(Image-text web data)
---

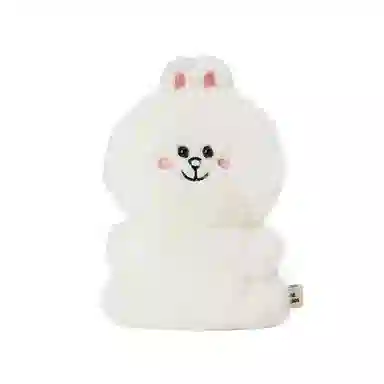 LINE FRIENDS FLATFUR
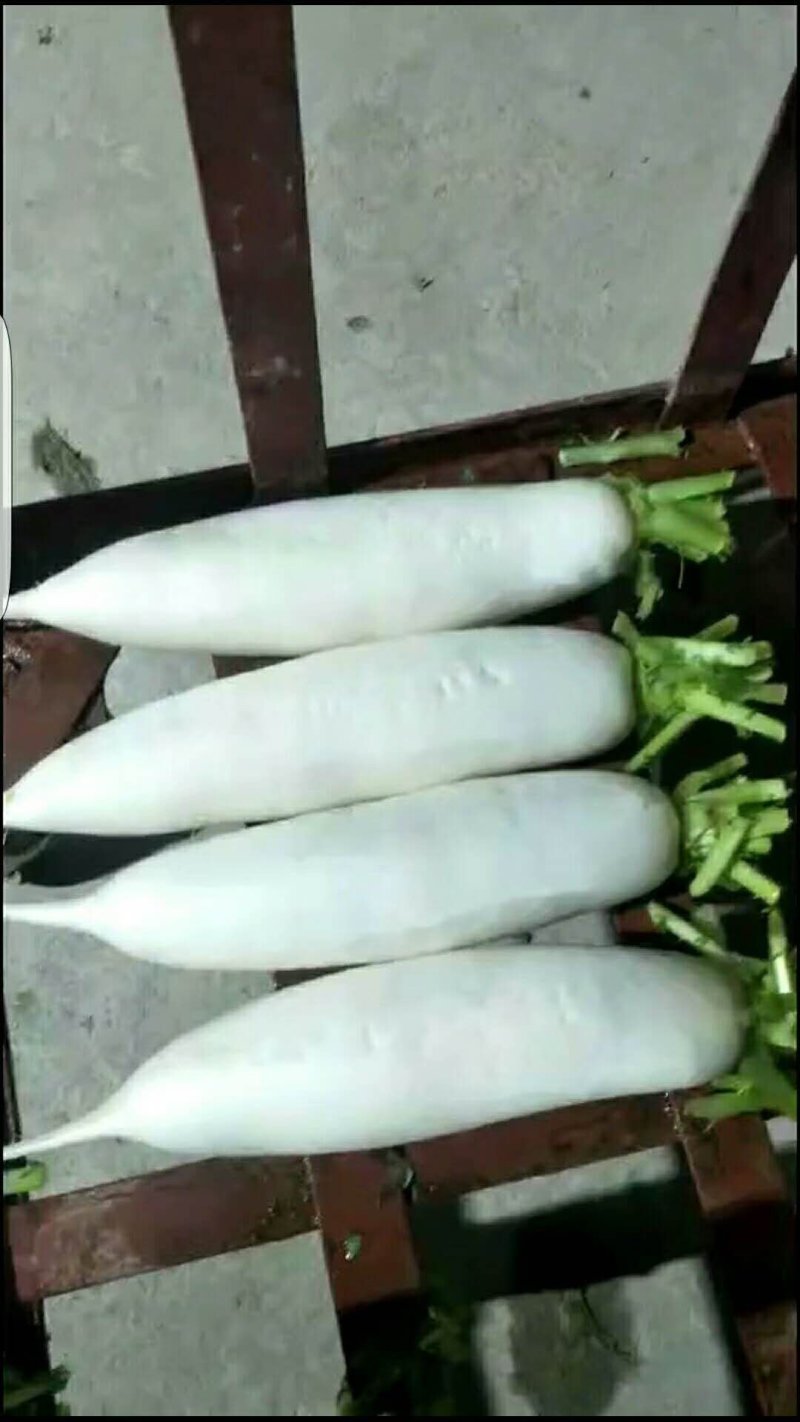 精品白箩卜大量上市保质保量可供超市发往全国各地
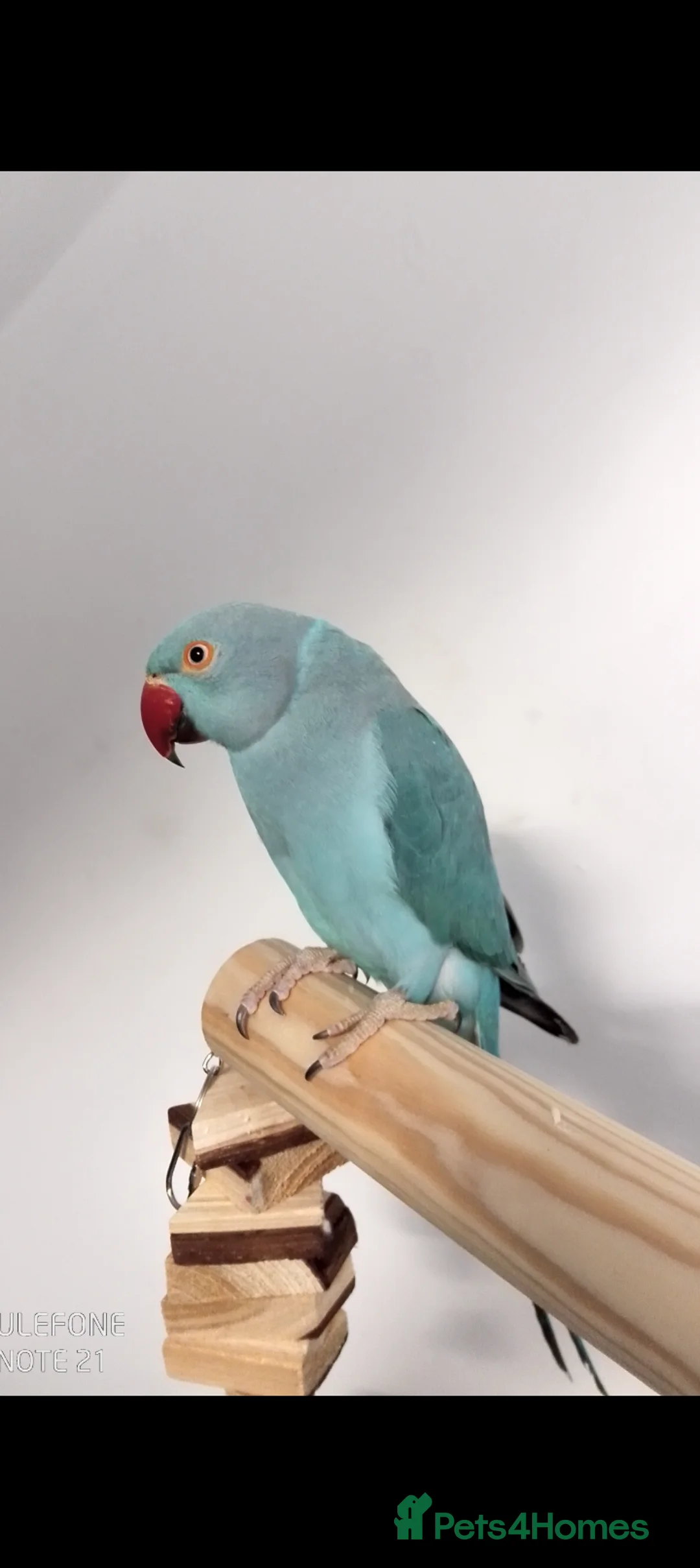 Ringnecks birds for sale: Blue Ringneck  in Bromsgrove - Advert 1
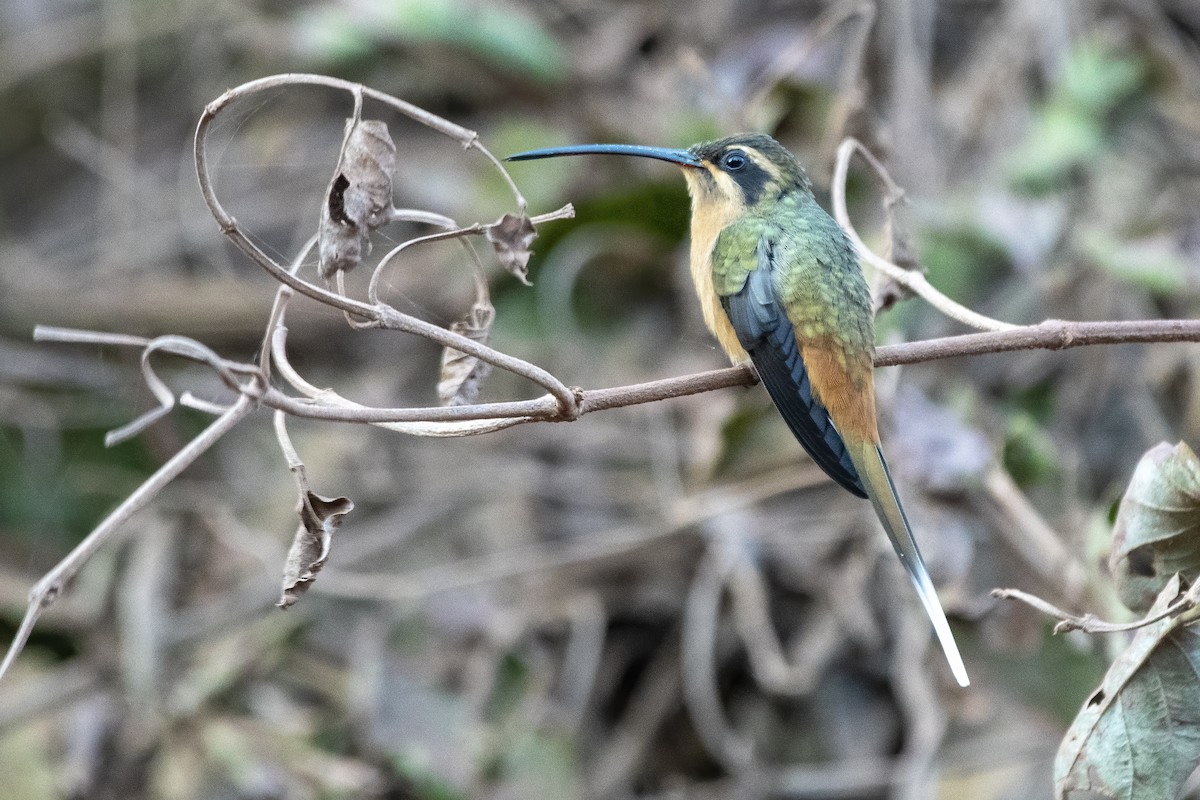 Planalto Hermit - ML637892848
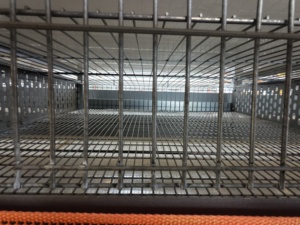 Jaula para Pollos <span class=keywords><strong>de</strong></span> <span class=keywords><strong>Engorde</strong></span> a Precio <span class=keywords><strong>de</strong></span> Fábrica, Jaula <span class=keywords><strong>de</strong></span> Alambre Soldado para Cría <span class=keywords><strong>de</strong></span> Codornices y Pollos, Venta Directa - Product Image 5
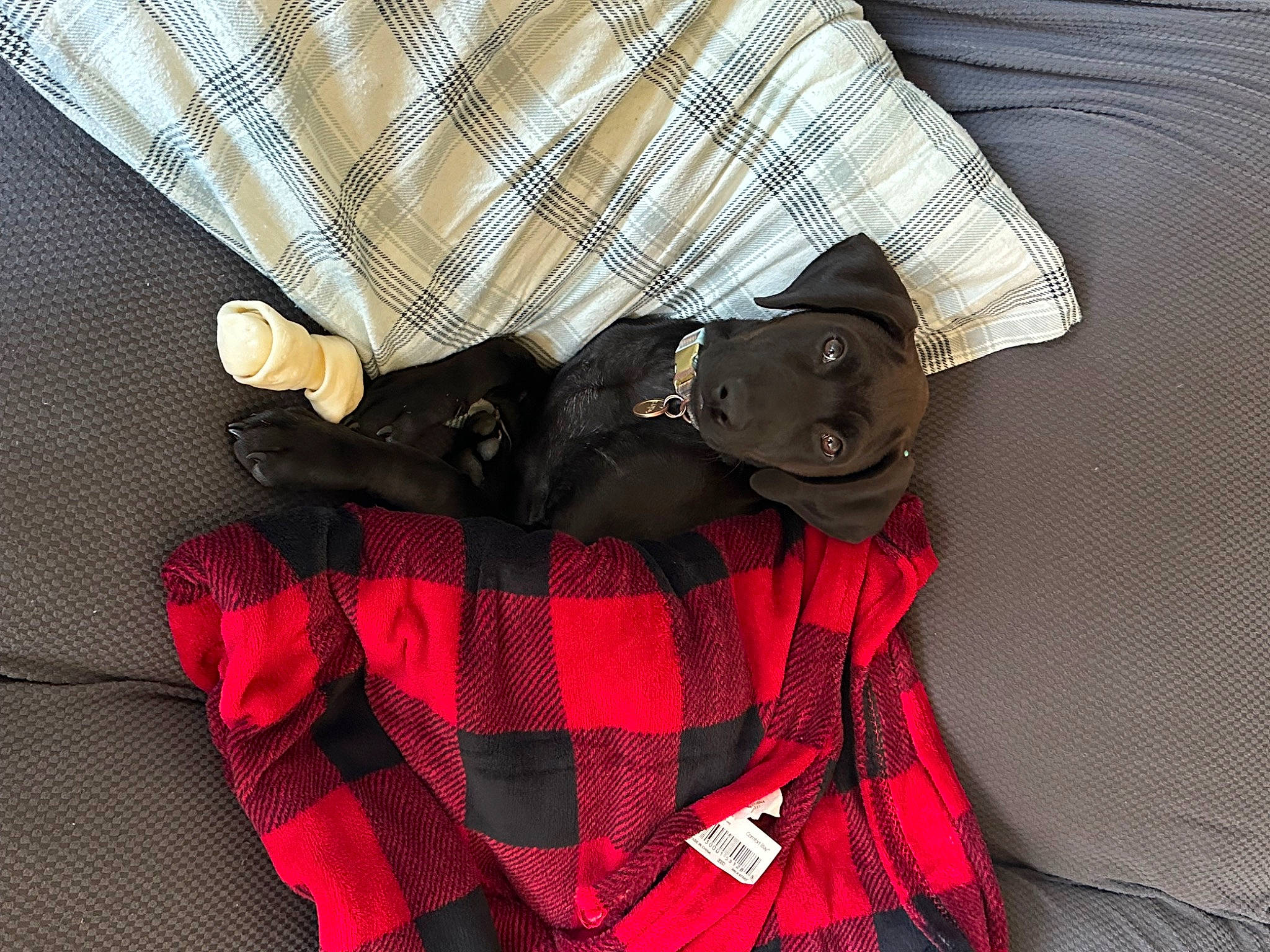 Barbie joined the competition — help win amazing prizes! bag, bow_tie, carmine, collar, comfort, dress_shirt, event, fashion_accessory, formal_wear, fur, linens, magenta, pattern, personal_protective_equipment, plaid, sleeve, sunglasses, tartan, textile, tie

---

Problem description:
Your copy must start at the line that holds "精品白箩卜大量上市保质保量可供超市发往全国各地" and end at the last line of the data, both included; it must contain no pictures.

Solution to this problem:
 精品白箩卜大量上市保质保量可供超市发往全国各地
 Ringnecks birds for sale: Blue Ringneck  in Bromsgrove - Advert 1
 Planalto Hermit - ML637892848
 Jaula para Pollos <span class=keywords><strong>de</strong></span> <span class=keywords><strong>Engorde</strong></span> a Precio <span class=keywords><strong>de</strong></span> Fábrica, Jaula <span class=keywords><strong>de</strong></span> Alambre Soldado para Cría <span class=keywords><strong>de</strong></span> Codornices y Pollos, Venta Directa - Product Image 5
 Barbie joined the competition — help win amazing prizes! bag, bow_tie, carmine, collar, comfort, dress_shirt, event, fashion_accessory, formal_wear, fur, linens, magenta, pattern, personal_protective_equipment, plaid, sleeve, sunglasses, tartan, textile, tie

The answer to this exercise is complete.